Anonymous 0 Comments

Former teacher and homeschool math support here: if you’re working this out on your own, go with the easiest method (fractions cancel out, 5-6 = -1). But homework is usually about practicing a particular skill. The whole point of the lesson might be to gain proficiency in converting mixed numbers to improper fractions and back again. As I have said many times over the years, “Please read the instructions thoroughly.”

Anonymous 0 Comments

I think it makes sense to look at this problem generally.

A (B/C) is also the same thing as ((AB)/C). For a problem like ((AB)/C) plus or minus ((DE)/F), we can’t really do anything with this. We want the same denominator (we want C and F to be the same thing). We can do this by realizing that ((AB)/C) is the same thing as ((2AB)/(2C)).
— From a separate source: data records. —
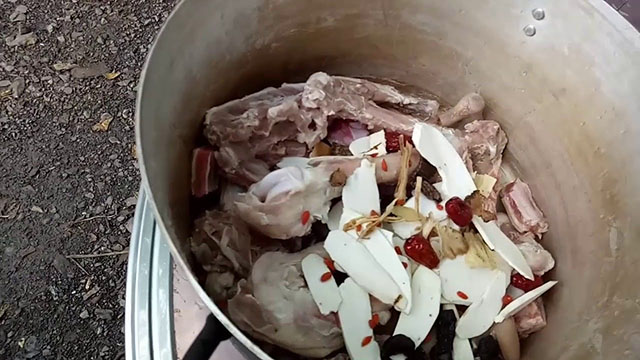 Nguyên liệu nấu lẩu dê hầm thuốc bắc với thịt dê và thảo mộc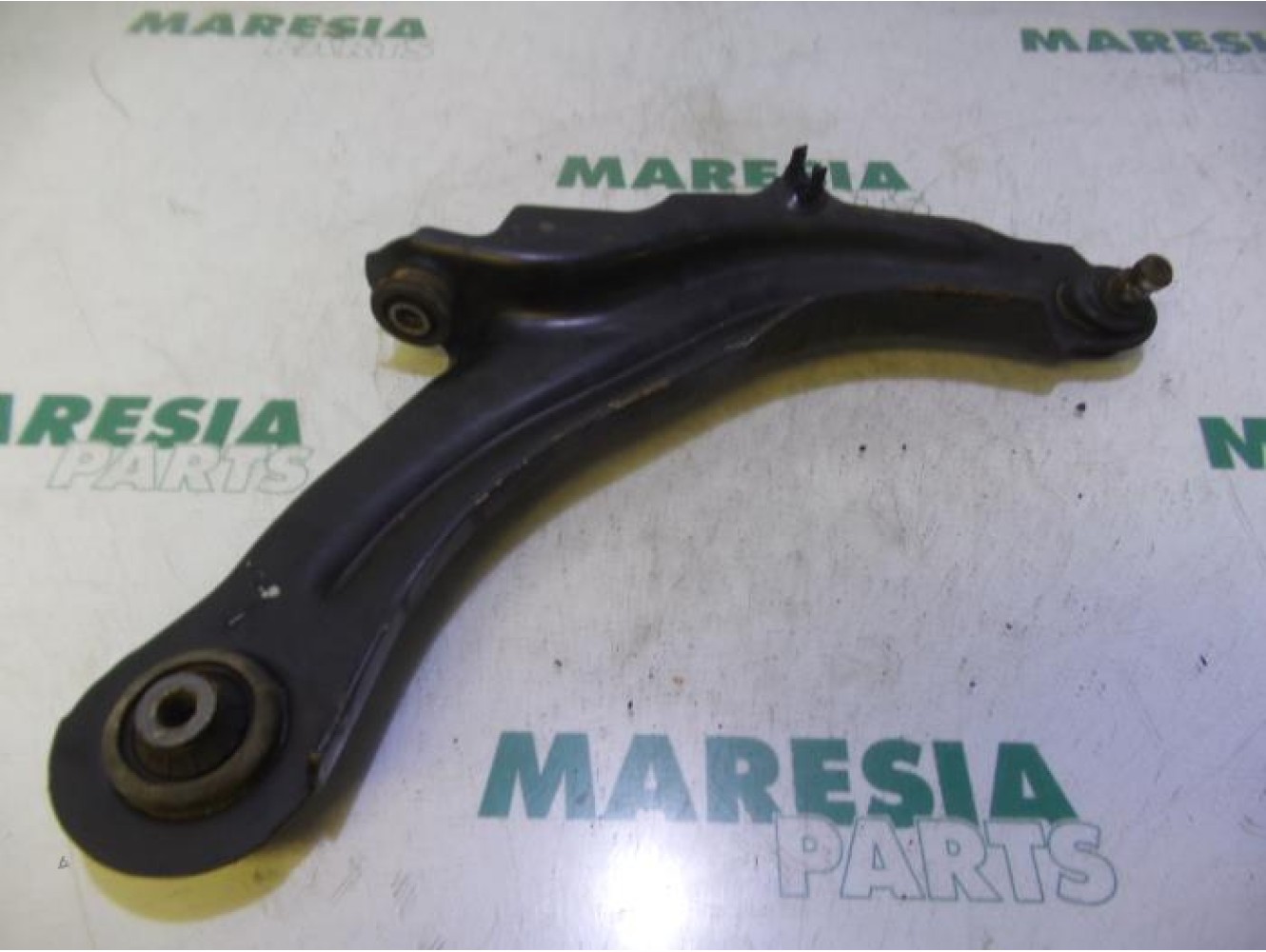 Renault - Megane - Front lower wishbone, right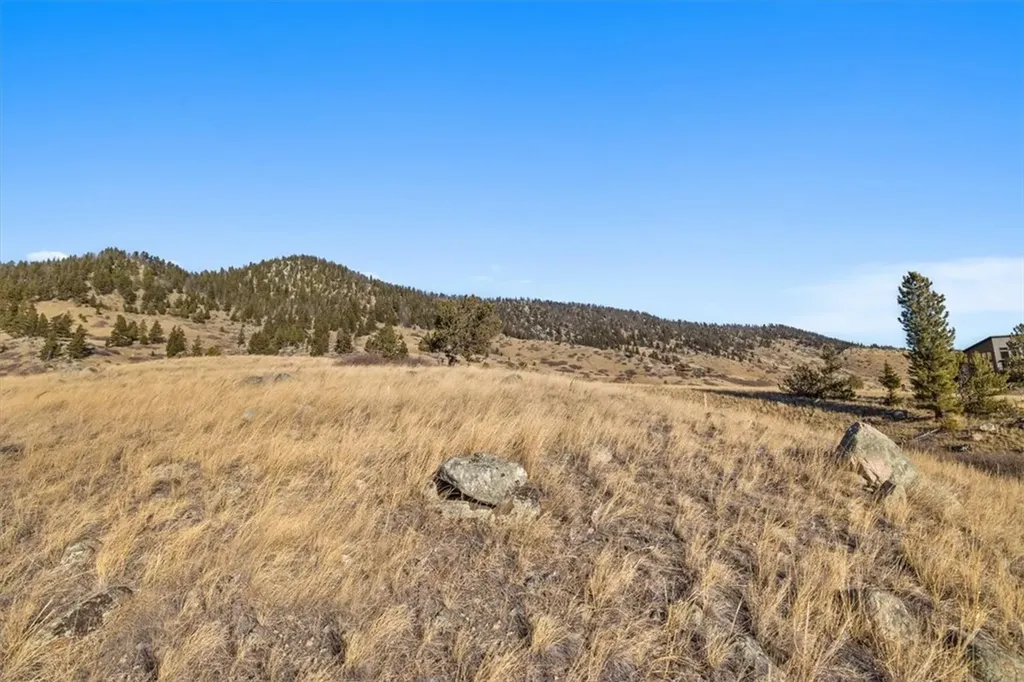 Lot 34 Cmr Trail Nye MT 59061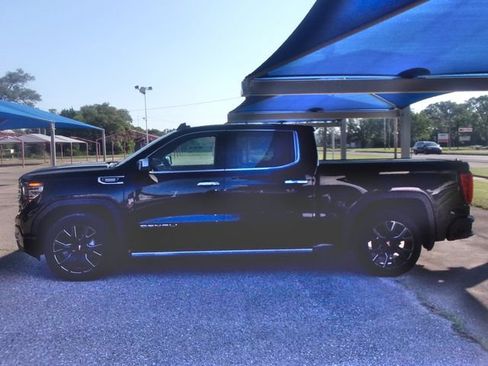Used 2022 GMC Sierra 1500 Denali w/ Denali Reserve Package AWD/4WD image 4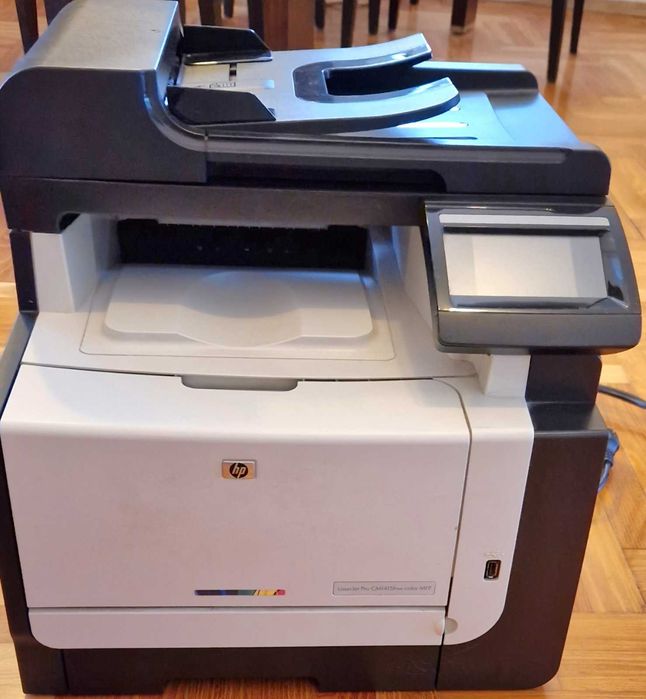 Принтер HP LaserJet Pro Colour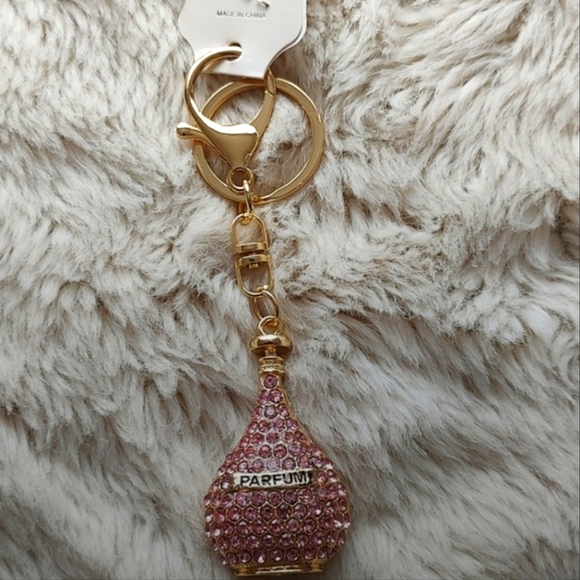 NWT Perfume Bottle Key Chain Bag Charm - Picture 1 of 2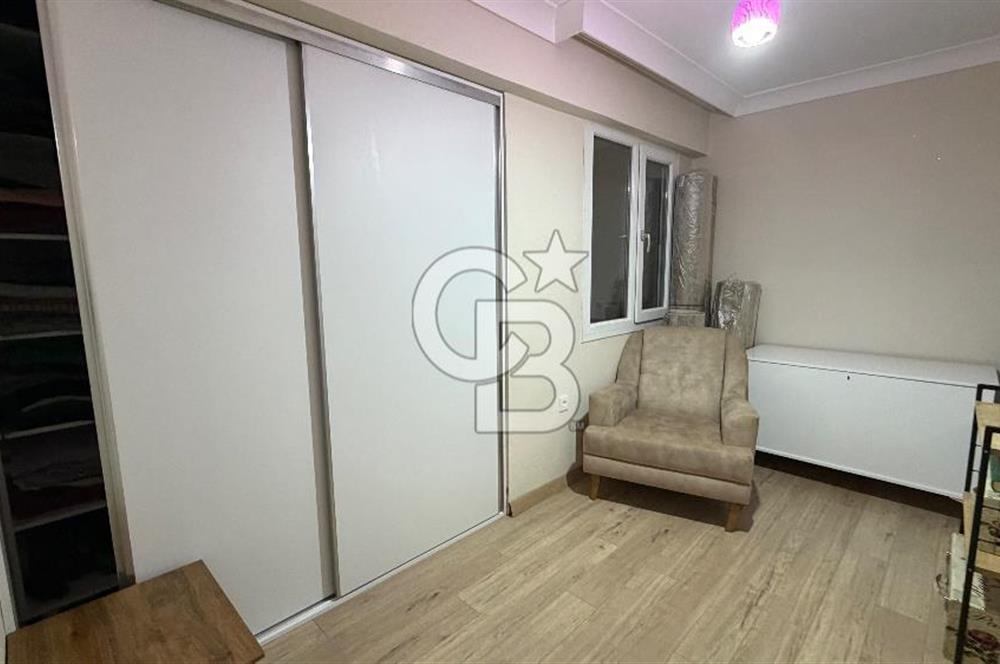 İzmir Küçük Çiğli’de Satılık Büyük 2+1 Daire   CB-PH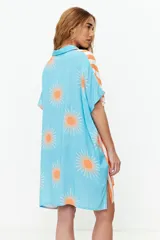 Túnica corta con estampado de soles y rayas verticales en contraste, con cuello camisero y mangas cortas.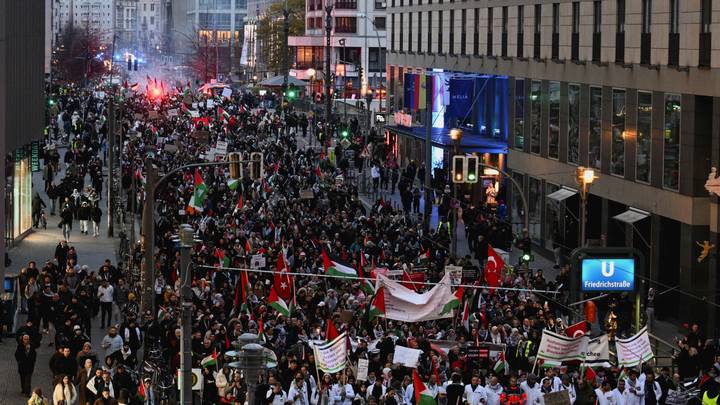 Stotine građana Berlina na protestu protiv izraelskih napada na Gazu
((FAB)/(FC)) plus or minus ((CDE)/(CF)) makes it so that the denominator is the same on both sides (CF or FC), and then you can add or subtract FAB with CDE. Afterwards, we can divide the top result by your denominator.

To use your numbers:

5 (3/4) – 6 (3/4)

15/4 – 18-4

-3/4.

Let’s say we instead had

5(3/4) – 6(3/5)

(15/4) – (18/5)

((5×15)/(5×4)) – ((4×15)/4×5))

(75/20) – (72/20)

3/20.

Anonymous 0 Comments

You have to simplify the problem to common terms or denominators (although its kind of already simplified).

So 5 3/4 becomes 23/4

And 6 3/4 becomes 27/4

23/4 – 27/4 is already in common terms so were good here.

The Answer becomes -4/4 which equals -1.

Anonymous 0 Comments

Bob has 23 slices of pizza (each pie has a 4 slices; he has 5 3/4 pies left). Joe is so hungry he orders 27 slices. How many more slices does Bob need to feed Joe? 4. 1 whole pie.

Anonymous 0 Comments

The core problem that you are going to have here is that there’s 10 ways to solve this problem, but your daughter has likely only been taught one of those ways.

For me, how I would do it is to turn these mixed (whole number and a fraction) numbers into just fractions. So 5 and three quarters turns into 23/4 and 6 and three quarters turns into 27/4.

Next step would be to use cross multiplication to make a common denominator but that’s already the case here (the bottom part of the fraction is already the same.

So we have 23/4 – 27/4. When subtracting fractions with a common denominator you just substract the top part and leave the denominator the same in the result. SO 23-27= -4 so the overall answer is -4/4 and we can reduce that to -1.

That’s how I would solve the problem, but it’s been a LOOOOONG time since i was in 5th grade and they might be teaching newer methods now. It’s not that the answer would be different, it’s how you get there that might be different.